3.4 Het Hof heeft vervolgens de vraag onder ogen gezien of in het gegeven geval de staking als uiterste middel is gehanteerd, en het heeft, zich verenigend met het oordeel van de President, deze vraag ontkennend beantwoord en geoordeeld dat de staking als volstrekt voorbarig en prematuur moet worden aangemerkt. Dit een en ander geeft in het licht van hetgeen hiervoor in 3.3 is overwogen, niet blijk van een onjuiste rechtsopvatting en is niet onbegrijpelijk, in aanmerking genomen dat het naar het in cassatie niet bestreden oordeel van het Hof ging om verkennend overleg omtrent een aangelegenheid waarover Douwe Egberts zich nog oriënteerde, alsmede dat, naar blijkt uit hetgeen hiervoor in 3.1, met name onder (xi) en (xii) is vermeld, de reacties van de zijde van de werknemers op de bekendmaking dat Douwe Egberts deze aangelegenheid onder ogen zag, Douwe Egberts ertoe hebben genoopt een nadere studie aan te kondigen, gedurende welke de bestaande situatie zou worden gehandhaafd, om daarna het overleg voort te zetten. Tot nadere motivering was het Hof in dit kort geding niet gehouden.
Uit het vorenoverwogene volgt dat de onderdelen 2 en 3 tevergeefs zijn voorgesteld.
3.5 Het oordeel van het Hof dat de staking niet als uiterste middel is gehanteerd en als volstrekt voorbarig en prematuur moet worden aangemerkt, berust, zoals hiervoor is overwogen, hierop dat de Bonden zwaarwegende procedureregels hebben veronachtzaamd door een staking te (blijven) ondersteunen ter behartiging van het belang van de werknemers dat een door Douwe Egberts in het kader van een reorganisatie als mogelijk aangekondigde maatregel achterwege zou blijven, zulks terwijl Douwe Egberts daaromtrent nog geen definitief standpunt had ingenomen en een nadere studie had aangekondigd en overleg met de Bonden had toegezegd. Voor zover onderdeel 4 veronderstelt dat het Hof met voormeld oordeel is getreden in een waardering en toetsing van de wederzijdse standpunten, mist het derhalve feitelijke grondslag, zodat het niet tot cassatie kan leiden.

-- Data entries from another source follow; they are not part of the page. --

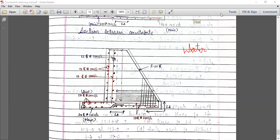Total number of assignments is one per module — so there will be six assignments in total. For the floor system module, instead of a separate assignment, you have to design a G+3 building using software in the IT lecture. So that leaves five assignments. For the textbook, refer to Krishna Raju — the new edition, not the old one, as it may not be available in the library.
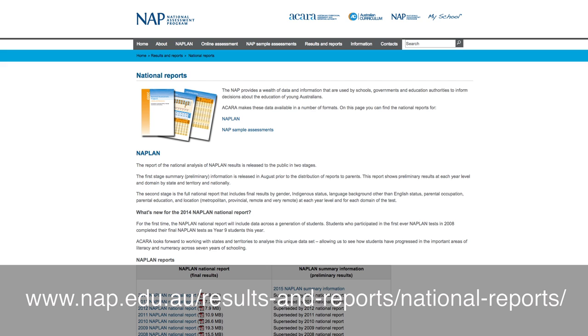Last year, we conducted the NAP sample assessment for ICT literacy, also online. While the results of this assessment will be released in a public report later this year, we learned some more about online assessment — particularly that schools and students can successfully navigate in the online world.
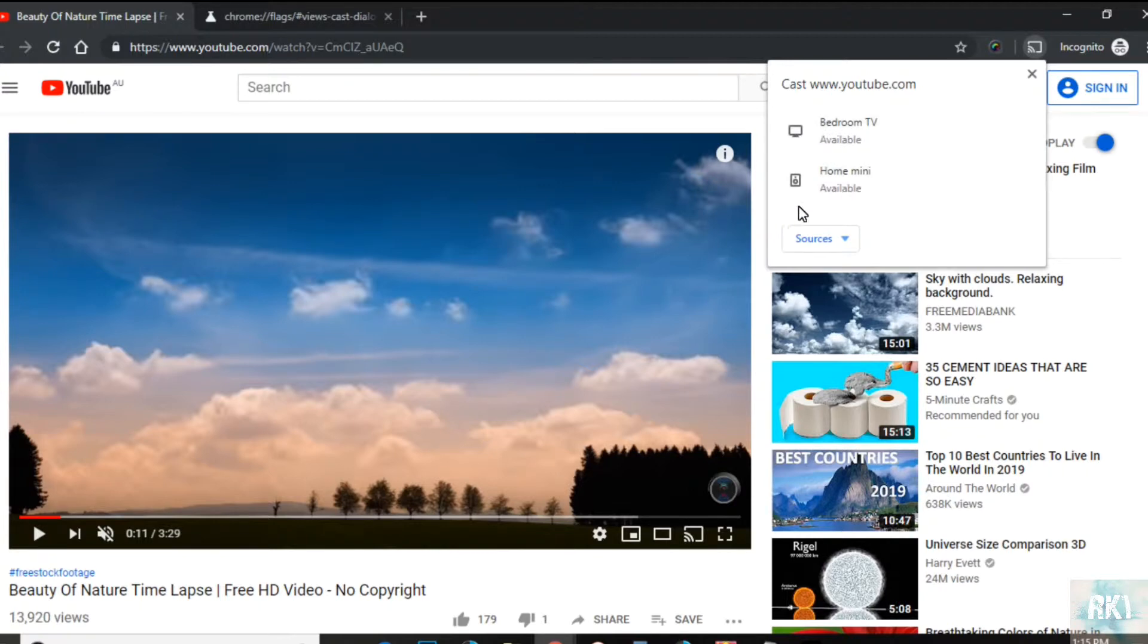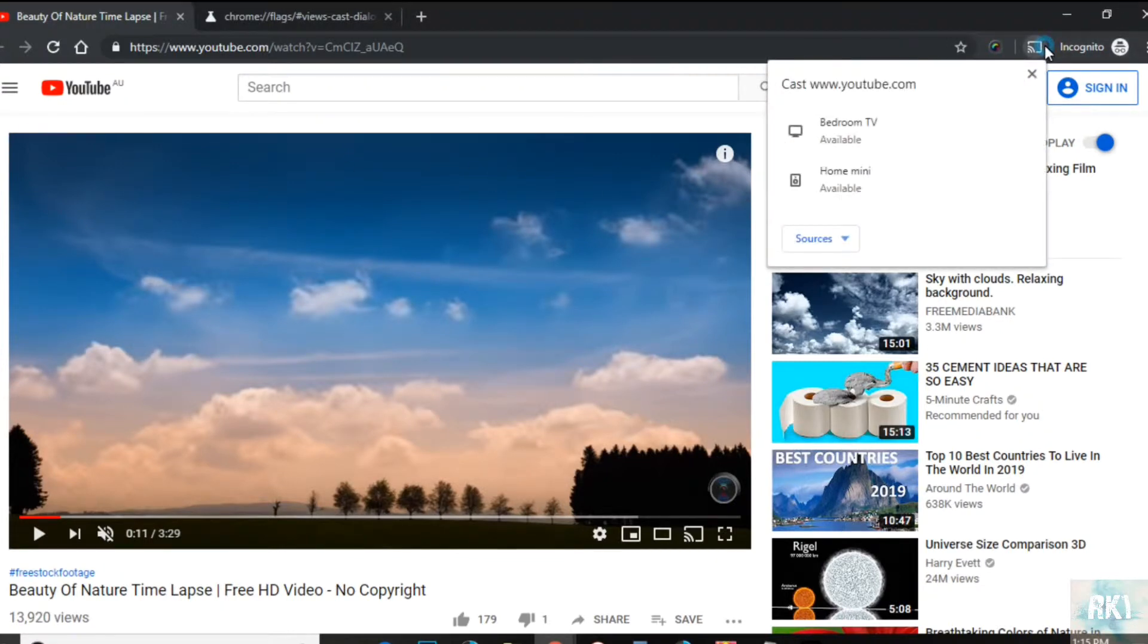Now there is a way to get it back, and that's what I'm going to show you in this video. If you can see here, when I click on this to cast to my TV...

3.6 Uit hetgeen hiervoor is overwogen volgt dat het incidentele beroep, dat is ingesteld onder de voorwaarde dat het bestreden arrest op het principale beroep zou worden vernietigd, geen behandeling behoeft.
4. Beslissing
De Hoge Raad:
verwerpt het principale beroep;
veroordeelt de Bonden in de kosten van het geding in cassatie, tot op deze uitspraak aan de zijde van Douwe Egberts begroot op ƒ 597,20 aan verschotten en ƒ 3.000,-- voor salaris.
Dit arrest is gewezen door de vice-president Roelvink als voorzitter en de raadsheren Neleman, Heemskerk, Herrmann en Hammerstein, en in het openbaar uitgesproken door de raadsheer Heemskerk op 28 januari 2000.